| What you should do |
Print every entry below exactly, leaving out the pictures.

══ Information provided

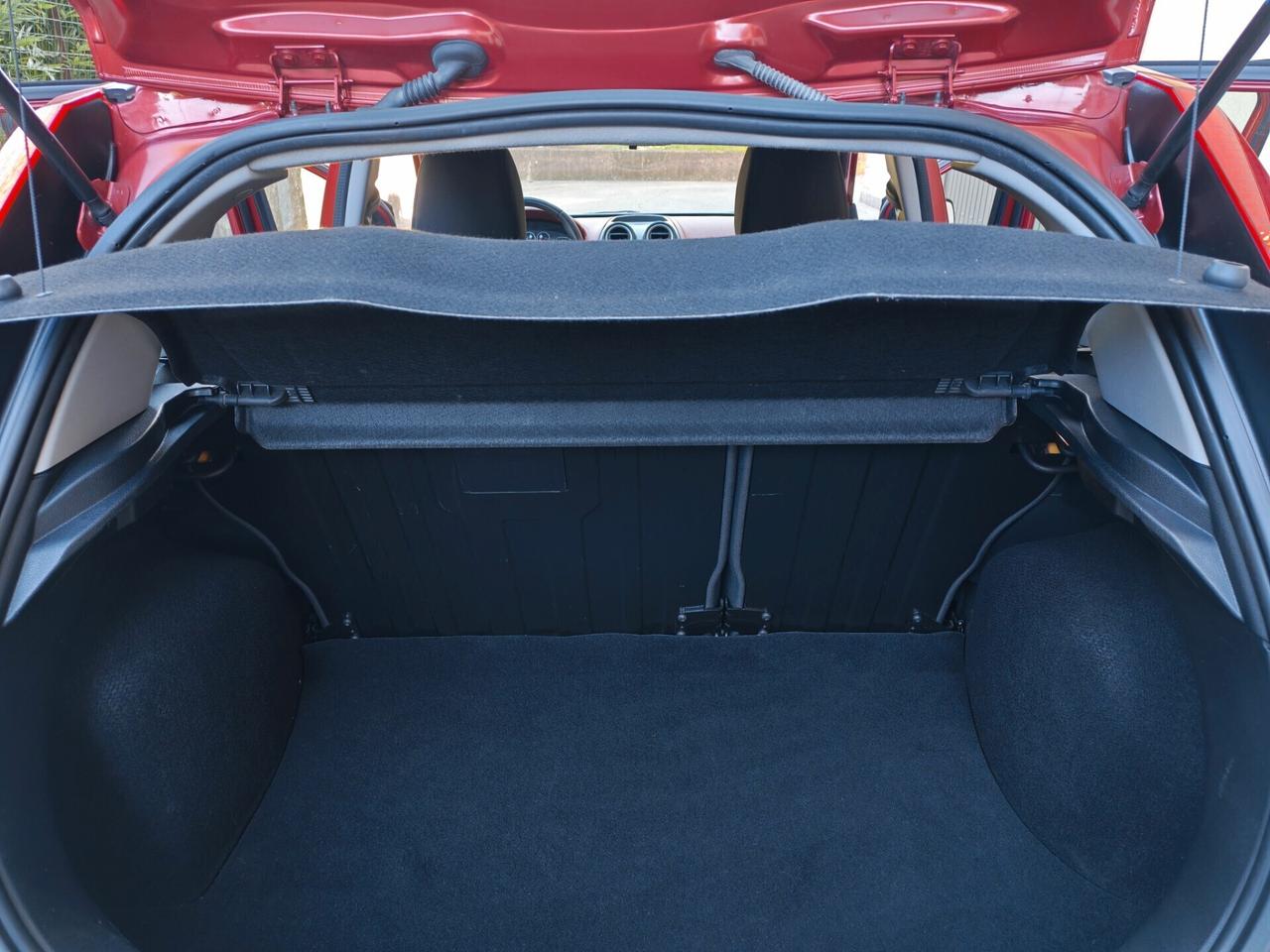 Ford Fiesta 1.2 BENZINA 75cv / 50.000km / Unipro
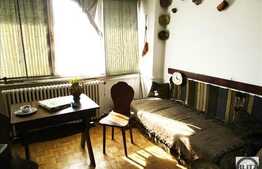 Vanzare apartament 3 camere, 70 mp, zona Piata Mihai Viteazu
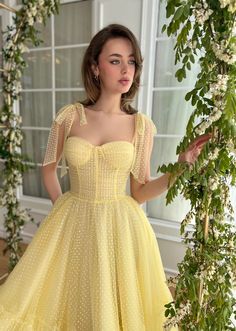 Summer Prom Dress With Square Neck, Square Neck Summer Prom Dress, Yellow Spaghetti Straps Midi Dress For Evening, Yellow Spaghetti Strap Midi Dress For Evening, Yellow Off-shoulder Evening Dress, Yellow Dress With Fitted Bodice For Bridesmaid, Yellow Summer Dress With Sweetheart Neckline, Yellow Summer Dresses For Wedding Guest, Yellow Off-shoulder Party Dress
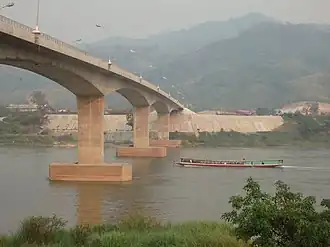 Quatrième pont de l'amitié lao-thaïlandaise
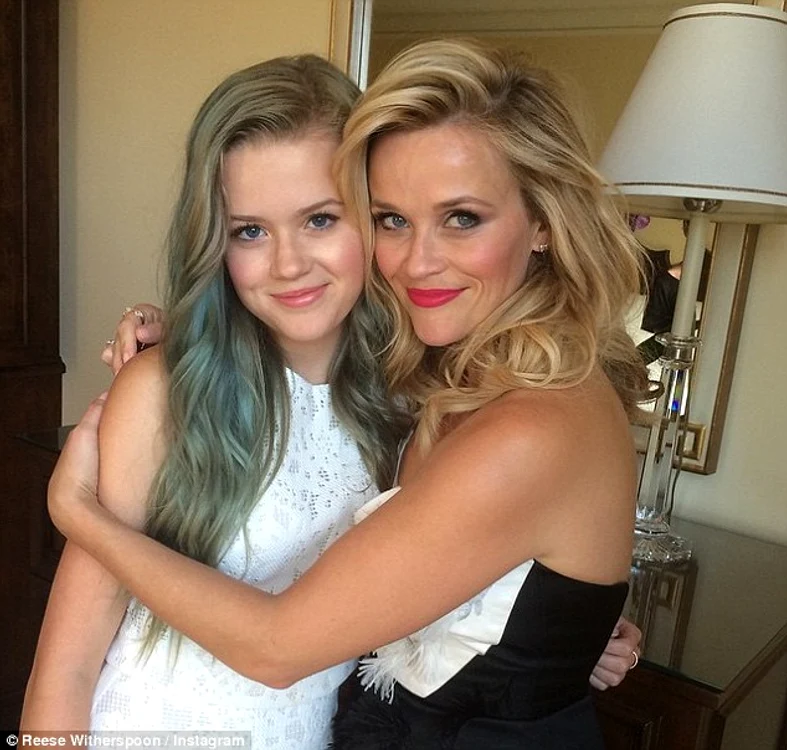 Actriţa, alături de fiica sa, Ava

════

| Response below |
 Ford Fiesta 1.2 BENZINA 75cv / 50.000km / Unipro
 Vanzare apartament 3 camere, 70 mp, zona Piata Mihai Viteazu
 Summer Prom Dress With Square Neck, Square Neck Summer Prom Dress, Yellow Spaghetti Straps Midi Dress For Evening, Yellow Spaghetti Strap Midi Dress For Evening, Yellow Off-shoulder Evening Dress, Yellow Dress With Fitted Bodice For Bridesmaid, Yellow Summer Dress With Sweetheart Neckline, Yellow Summer Dresses For Wedding Guest, Yellow Off-shoulder Party Dress
 Quatrième pont de l'amitié lao-thaïlandaise
 Actriţa, alături de fiica sa, Ava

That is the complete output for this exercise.